Il Collegio ha ritenuto, invece, illegittimo l'affidamento diretto disposto nella fattispecie posta al suo esame poiché la relazione da rendersi ai sensi dell'art. 34, comma 20, d.l. n. 179 del 2012, conv. in l. n. 221 del 2012, ove l'ente affidante avrebbe dovuto dare conto delle ragioni e della sussistenza dei requisiti previsti dall'ordinamento europeo per la forma di affidamento prescelta, non conteneva una dettagliata e specifica motivazione sul punto.

La sentenza ricorda che la giurisprudenza amministrativa ha ritenuto – sulla scorta della sentenza Corte cost., 20 luglio 2012, n. 199 – che i servizi pubblici locali di rilevanza economica possono essere gestiti indifferentemente mediante il ricorso al mercato, attraverso il c.d. parternariato pubblico – privato, ossia per mezzo di affidamento a società mista, o attraverso l'affidamento diretto a società in house. Tale ultimo modello, pertanto, non si configura – a normativa vigente – come ipotesi eccezionale e residuale di gestione dei servizi pubblici locali, costituendo, al contrario, una delle tre normali forme organizzative utilizzabili.

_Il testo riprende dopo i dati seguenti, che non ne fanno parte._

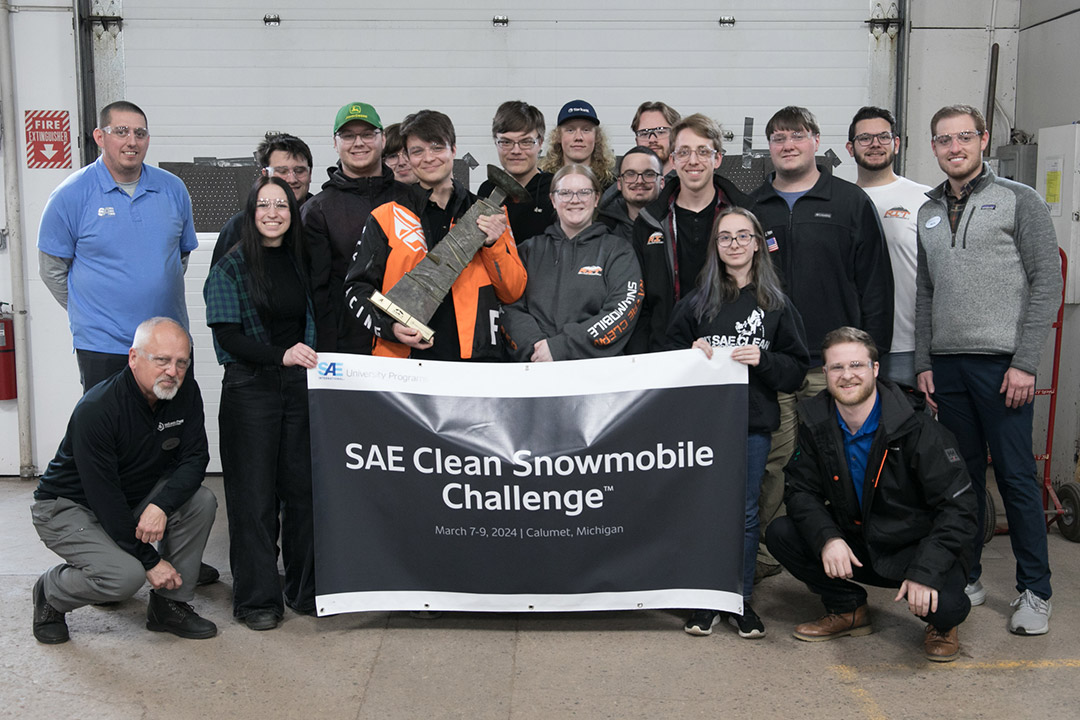 The RIT Clean Snowmobile team is pictured standing together in the snowmobile garage.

La decisione di avvalersene costituisce frutto di una scelta ampiamente discrezionale compiuta dall'ente, che sfugge, dunque, al sindacato di legittimità del giudice amministrativo, a meno che – sottolinea il Collegio a conferma delle conclusioni del TAR – non sia manifestamente inficiata da illogicità, irragionevolezza, irrazionalità ed arbitrarietà ovvero non sia fondata su di un altrettanto macroscopico travisamento dei fatti. Aggiunge poi la sentenza che «proprio in ossequio ai principi di trasparenza e democraticità dei processi decisionali pubblici (sanciti dalla norma cardine dell'art. 3, l. n. 241 del 1990) detta scelta deve essere adeguatamente motivata circa le ragioni di fatto e di convenienza che la giustificano»; principi che trovano conferma nel dettagliato e aggravato onere motivazionale, cui il citato art. 34, comma 20, subordina la legittimità della scelta della concreta modalità di gestione dei servizi pubblici locali.